▸ **Work item**:
For the entries below, copy exactly the line that contains "Charter Gulet Custom" through the line that contains "Glòries Multiplex - Visual", both ends included, and exclude all pictures.

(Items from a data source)

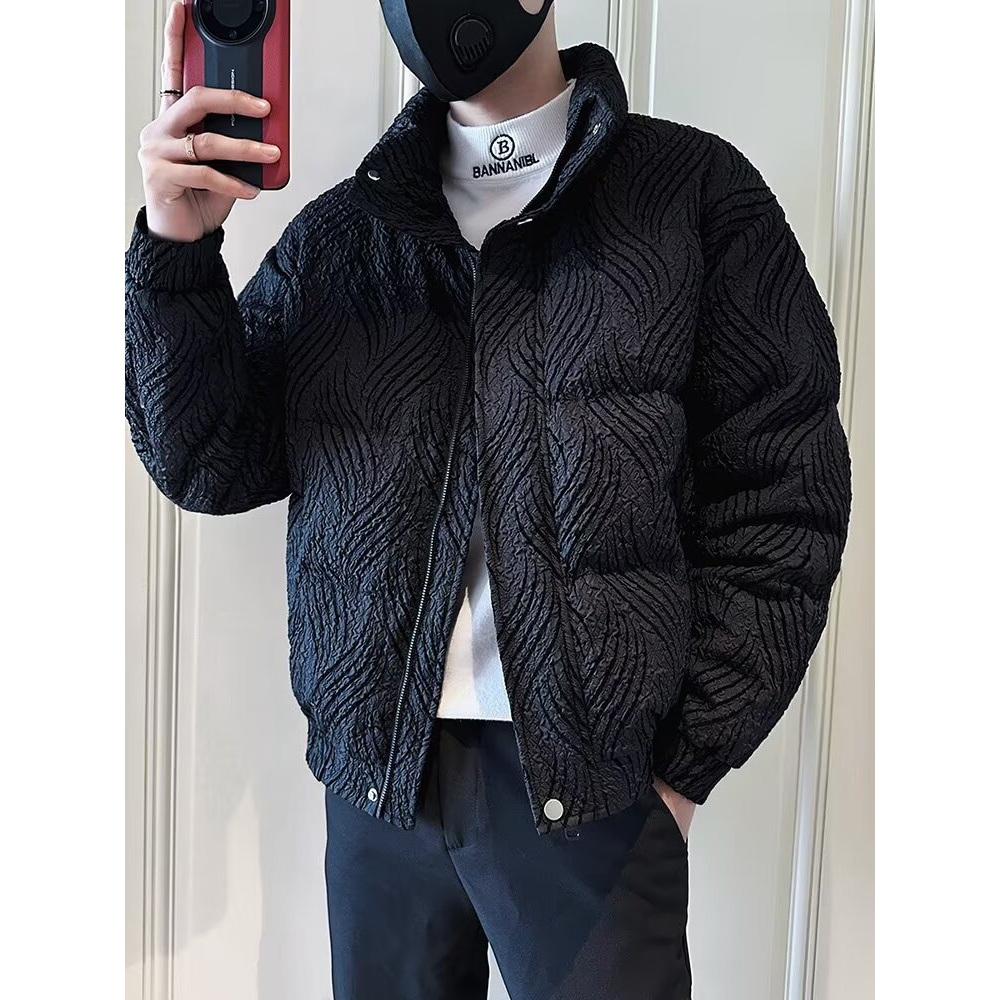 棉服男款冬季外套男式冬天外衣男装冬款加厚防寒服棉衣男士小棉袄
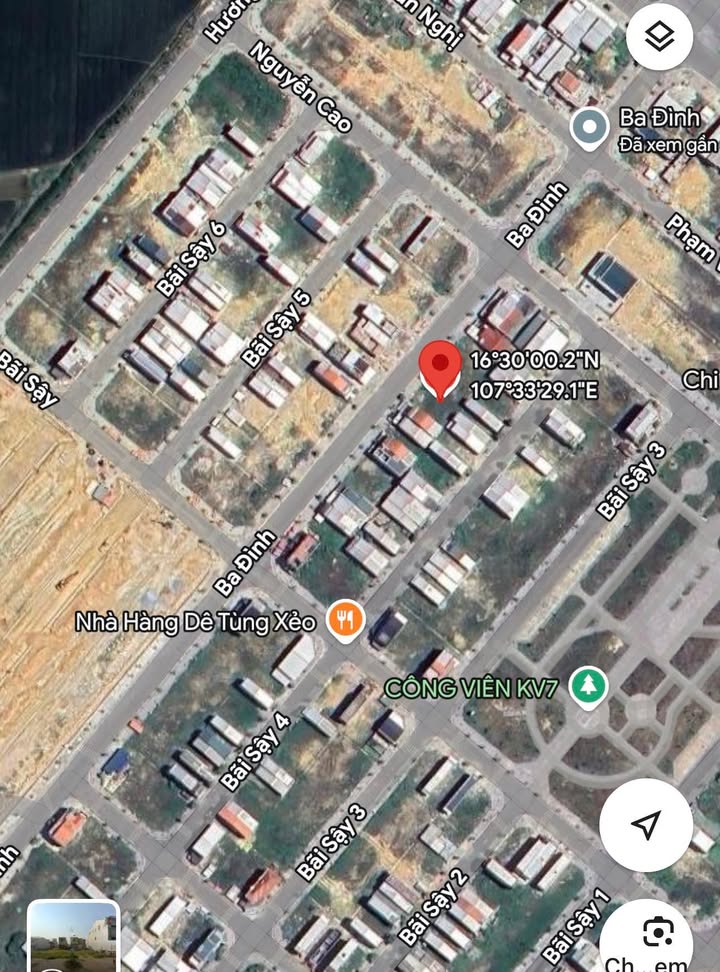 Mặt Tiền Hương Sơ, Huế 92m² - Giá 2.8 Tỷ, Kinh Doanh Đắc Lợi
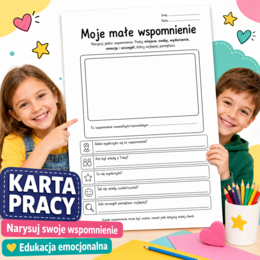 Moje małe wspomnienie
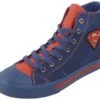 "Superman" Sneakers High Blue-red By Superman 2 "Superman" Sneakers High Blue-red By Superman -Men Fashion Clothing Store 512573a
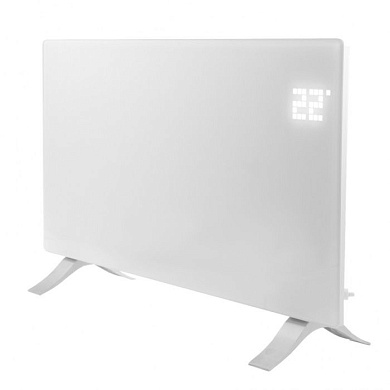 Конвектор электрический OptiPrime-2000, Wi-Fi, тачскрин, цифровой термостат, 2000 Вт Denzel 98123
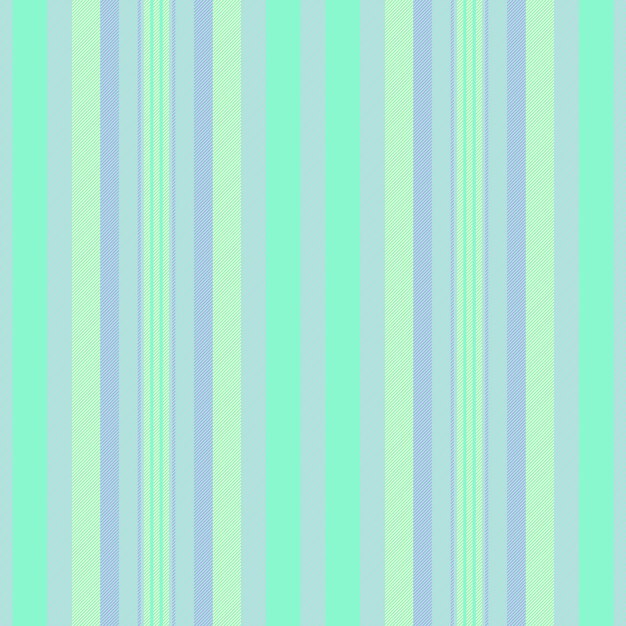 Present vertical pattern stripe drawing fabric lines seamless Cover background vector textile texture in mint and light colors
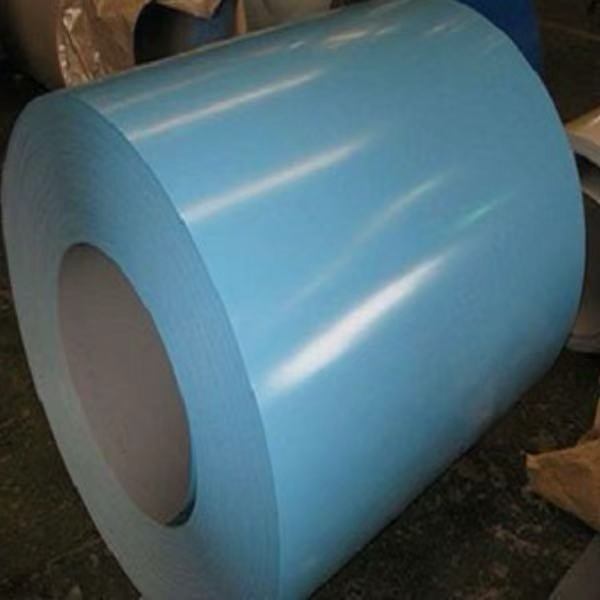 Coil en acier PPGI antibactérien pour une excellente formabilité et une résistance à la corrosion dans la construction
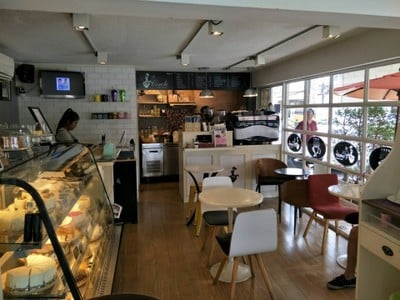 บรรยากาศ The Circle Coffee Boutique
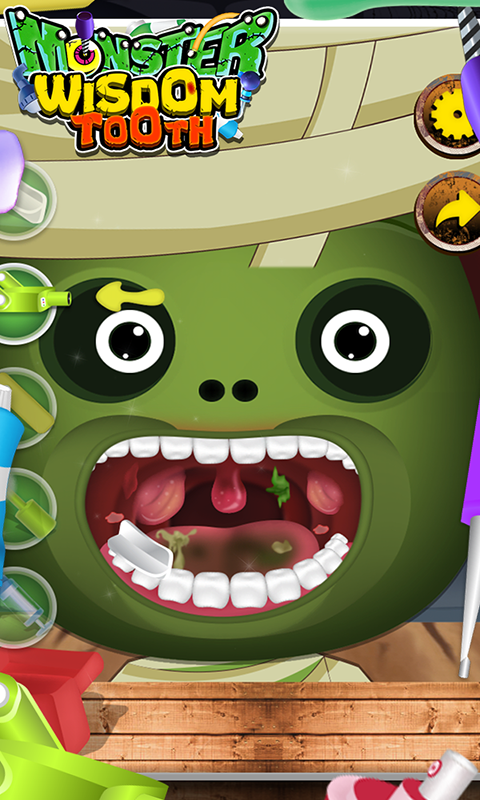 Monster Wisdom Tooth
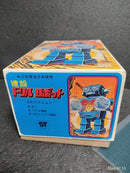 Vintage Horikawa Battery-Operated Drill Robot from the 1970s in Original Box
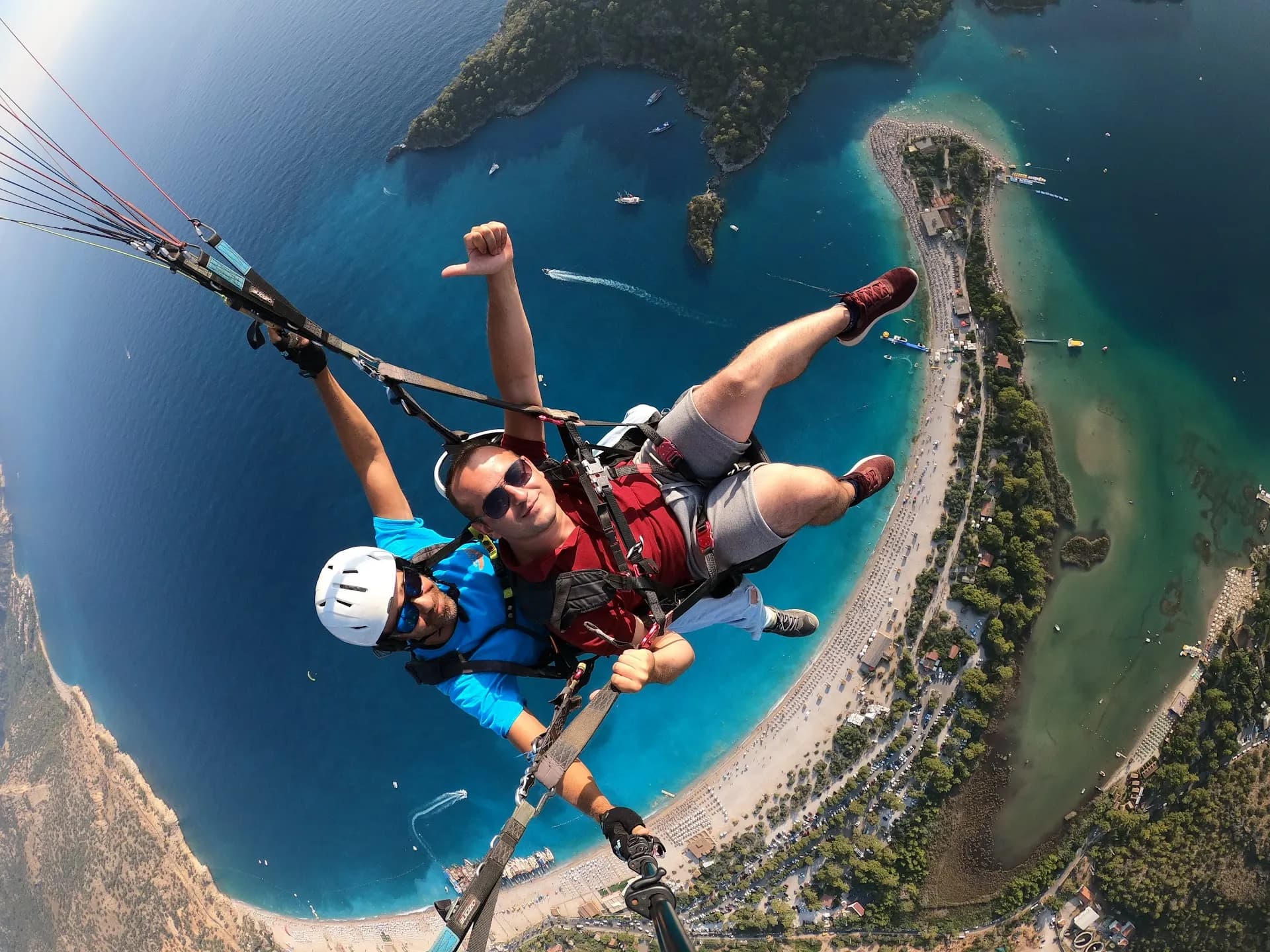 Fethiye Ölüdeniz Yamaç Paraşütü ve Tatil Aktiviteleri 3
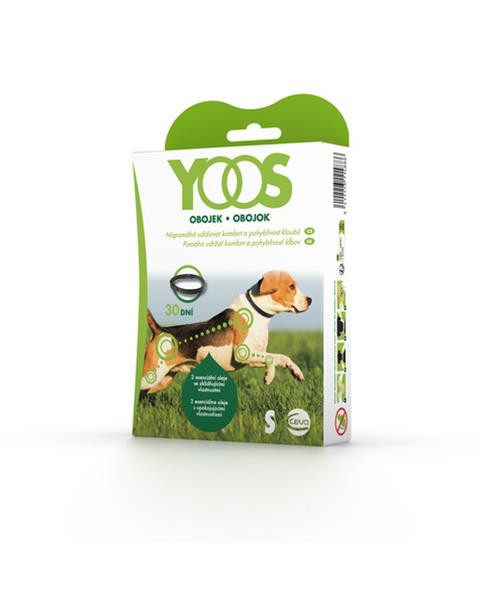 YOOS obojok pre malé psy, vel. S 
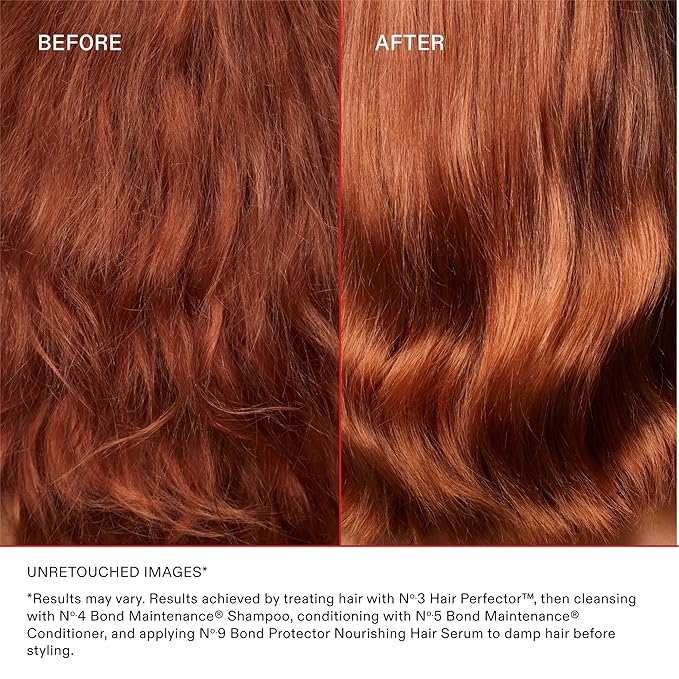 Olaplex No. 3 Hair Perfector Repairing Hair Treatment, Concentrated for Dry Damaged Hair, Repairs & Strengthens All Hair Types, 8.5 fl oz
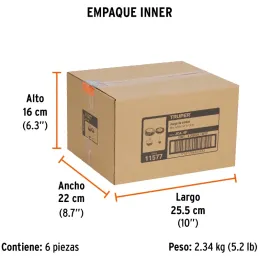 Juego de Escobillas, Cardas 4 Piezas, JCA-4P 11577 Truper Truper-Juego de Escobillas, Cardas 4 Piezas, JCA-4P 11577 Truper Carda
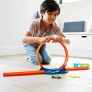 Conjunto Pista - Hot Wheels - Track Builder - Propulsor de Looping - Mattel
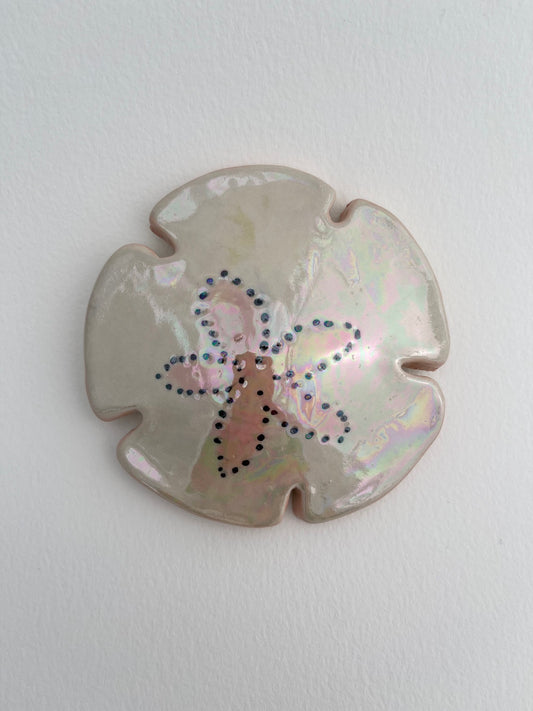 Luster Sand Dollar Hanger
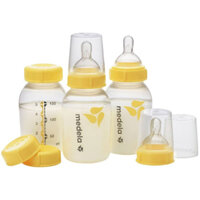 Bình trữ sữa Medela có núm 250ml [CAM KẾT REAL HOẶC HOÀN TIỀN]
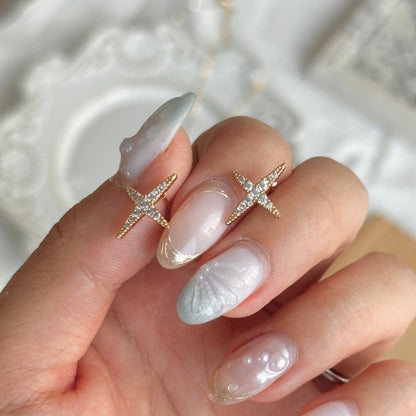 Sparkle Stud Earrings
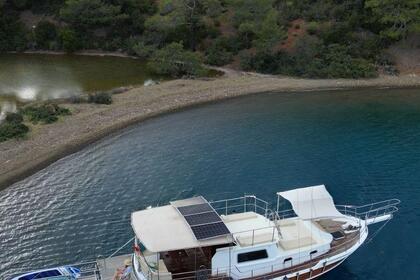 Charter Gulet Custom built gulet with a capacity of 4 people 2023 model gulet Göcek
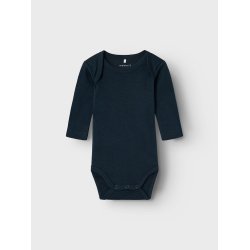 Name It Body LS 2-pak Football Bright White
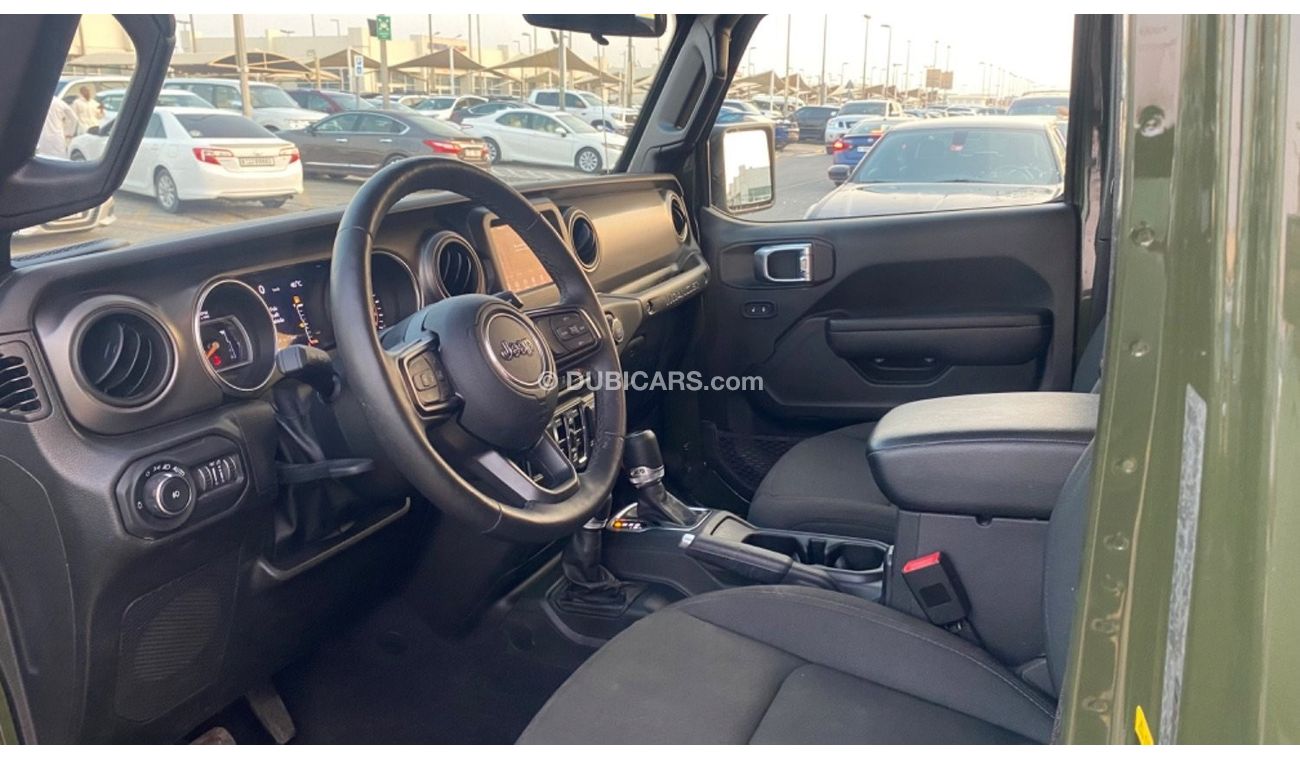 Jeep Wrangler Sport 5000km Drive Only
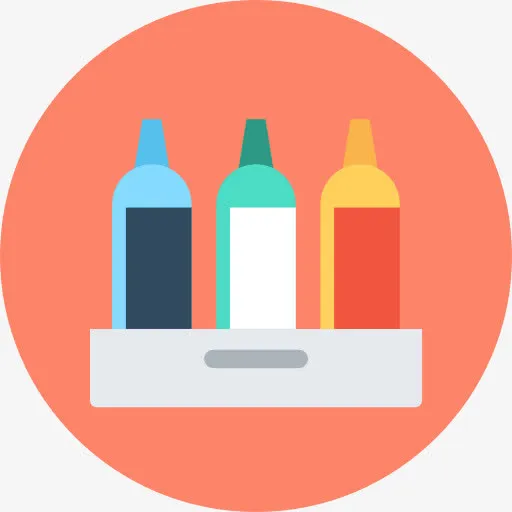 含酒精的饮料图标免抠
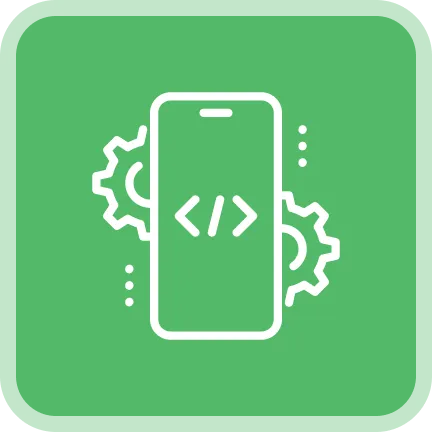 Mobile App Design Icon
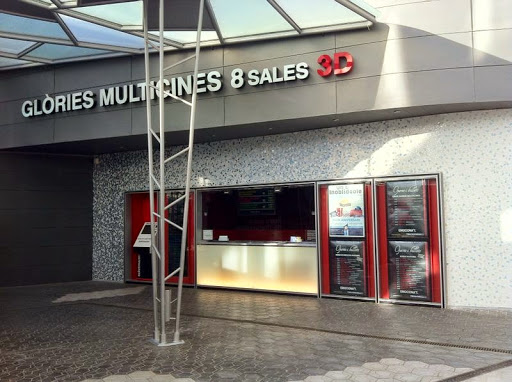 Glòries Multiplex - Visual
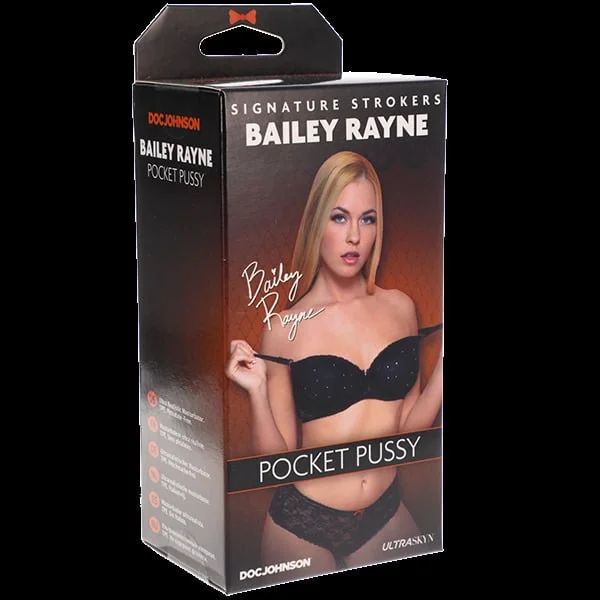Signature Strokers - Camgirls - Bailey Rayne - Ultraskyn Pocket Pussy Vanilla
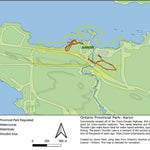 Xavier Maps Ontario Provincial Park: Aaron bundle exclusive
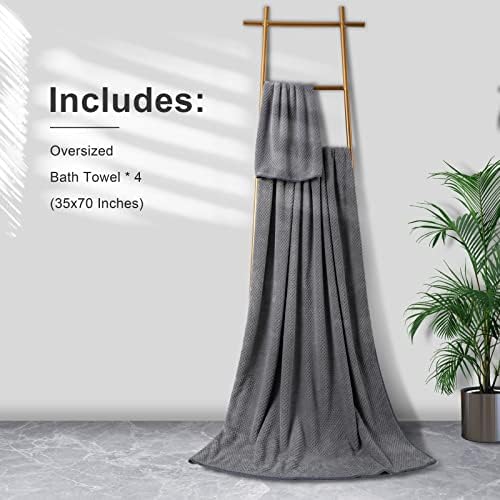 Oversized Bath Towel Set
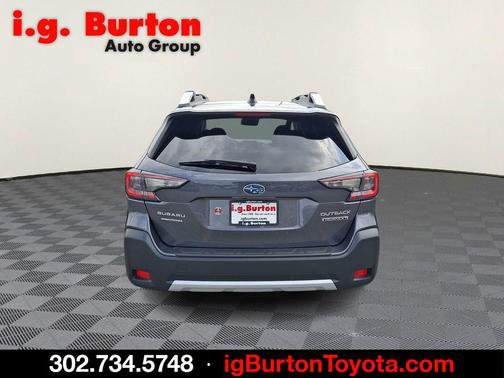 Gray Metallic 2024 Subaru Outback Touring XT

▸ **Written solution**:
 Charter Gulet Custom built gulet with a capacity of 4 people 2023 model gulet Göcek
 Name It Body LS 2-pak Football Bright White
 Jeep Wrangler Sport 5000km Drive Only
 含酒精的饮料图标免抠
 Mobile App Design Icon
 Glòries Multiplex - Visual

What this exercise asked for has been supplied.